2020 Honors Theses


Apart, Together: Networked Spectatorship in a Virulent Age

by Emma Reade Dorfman
Thesis directed by Alisa Zhulina

This thesis examines the mutations of digital spectatorship in the age of social distancing. By analyzing the National Theatre’s production of Ella Hickson’s ANNA and Bard College’s live stream of Caryl Churchill’s Mad Forest, Dorfman explores the roles of “viral performance,” voyeurism, and surveillance in the age of mediated performance.


Metempsychosis: Examining the Transmigration of Black Queerness as a Resilient Force of Possibility

by Essence John Johnson
Thesis directed by Alisa Zhulina

This thesis examines the absence and invisibility of black queer voices and bodies from sci-fi theatre. Through an analysis of the writings of Octavia E. Butler, the work of National Black Theater, and the film Black Panther, Johnson lays out a theoretical framework for black queerness in contemporary theatre and performance and the possibility for a truly diverse audience.


Forced into Hysterics: The “Madwomen” of Arthur Miller’s The Crucible and Tennessee Williams’s A Street Car Named Desire

by Amanda Elise Lanza
Thesis directed by Alisa Zhulina

This thesis argues that the association of women with madness and hysteria in The Crucible and A Street Car Named Desire is the result of patriarchy’s attempt to control the agency and authority of women. Reading the two plays along with feminist theories and the acting teachings of Lee Strasberg, Lanza highlights the many moments of subversive rebellion in these works that actresses would take up in mid-century America to assert their creative authority.


Performance as an Act of Tribal Sovereignty: Conversations with Mary Kathryn Nagle, Randy Reinholz, Ty Defoe

by Emily Preis
Thesis directed by Mauricio Salgado

Tribal sovereignty and the right for Tribal Nations on Turtle Island to self-govern is at the heart of every Indigenous issue. This thesis looks at the work of three Native multi-faceted performance artists in order to determine what kinds of live performance can affect change in the fight for tribal sovereignty.


“You Get to Speak Poetry”: How Western Acting Pedagogies Have Taught Actors to Chase the Rush of Personal Emotional Exploitation

by Kyndall Sillanpaa
Thesis directed by Alisa Zhulina

In the pursuit of helping spectators achieve catharsis, Western pedagogies of acting have encouraged actors to experience the most extreme versions of a condensed emotional life. Reading Chekhov’s The Seagull and Duncan Macmillan’s People, Places and Things alongside theories of acting, Sillanpaa traces the emotional risks that actors take and highlights the dangers of becoming addicted to the emotional highs of acting.

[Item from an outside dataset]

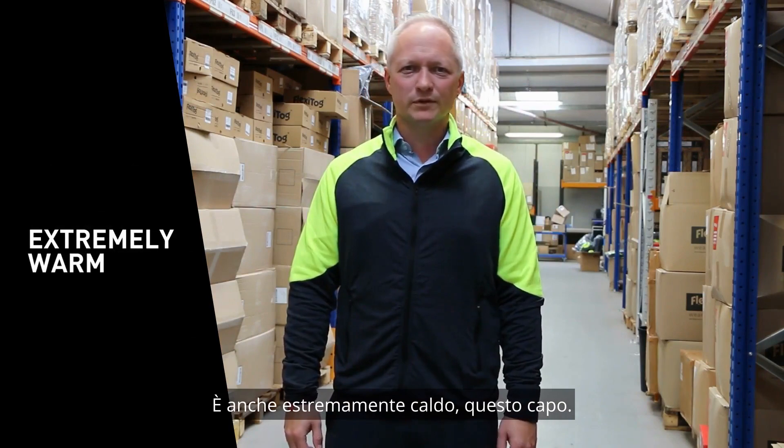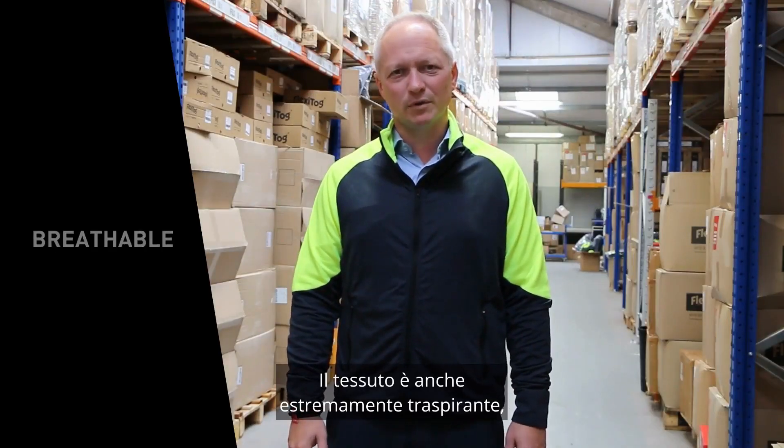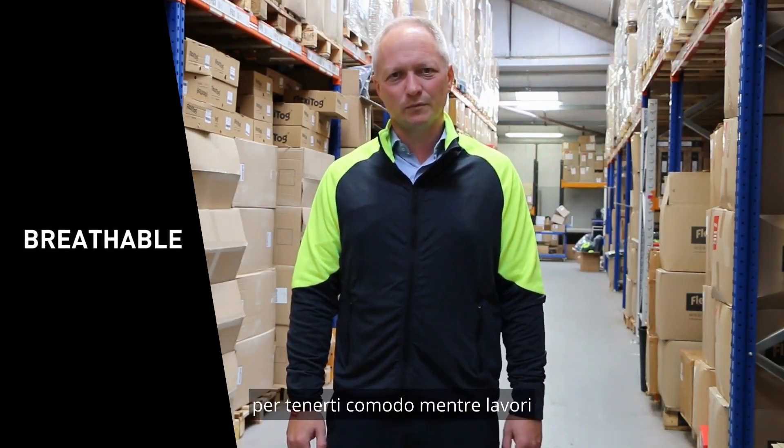It's also extremely warm — it's made from a special waffle fleece which keeps you very warm. The fabric is also extremely breathable, keeping you comfortable whilst you're wearing it.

"I must be brave whether my request is successful or not": Women Seeking Justice in Euripides' Barbarian Plays

by Iris Smith-d’Agincourt
Thesis directed by Robert Davis

In Euripides' Hecuba and Medea, the titular heroines exhibit behavior far beyond the permitted scope of action for women in ancient Greece. In examining the agency both women exhibit, in light of their status as Barbarians (foreigners), Iris asks: when we have lost everything and are at the end of our world, how do we act and how can we respond? Hecuba and Medea are models that justify extreme action in the face of extreme need: they create opportunities for themselves, and by extension disenfranchised citizens, to claim justice independent of their oppressors.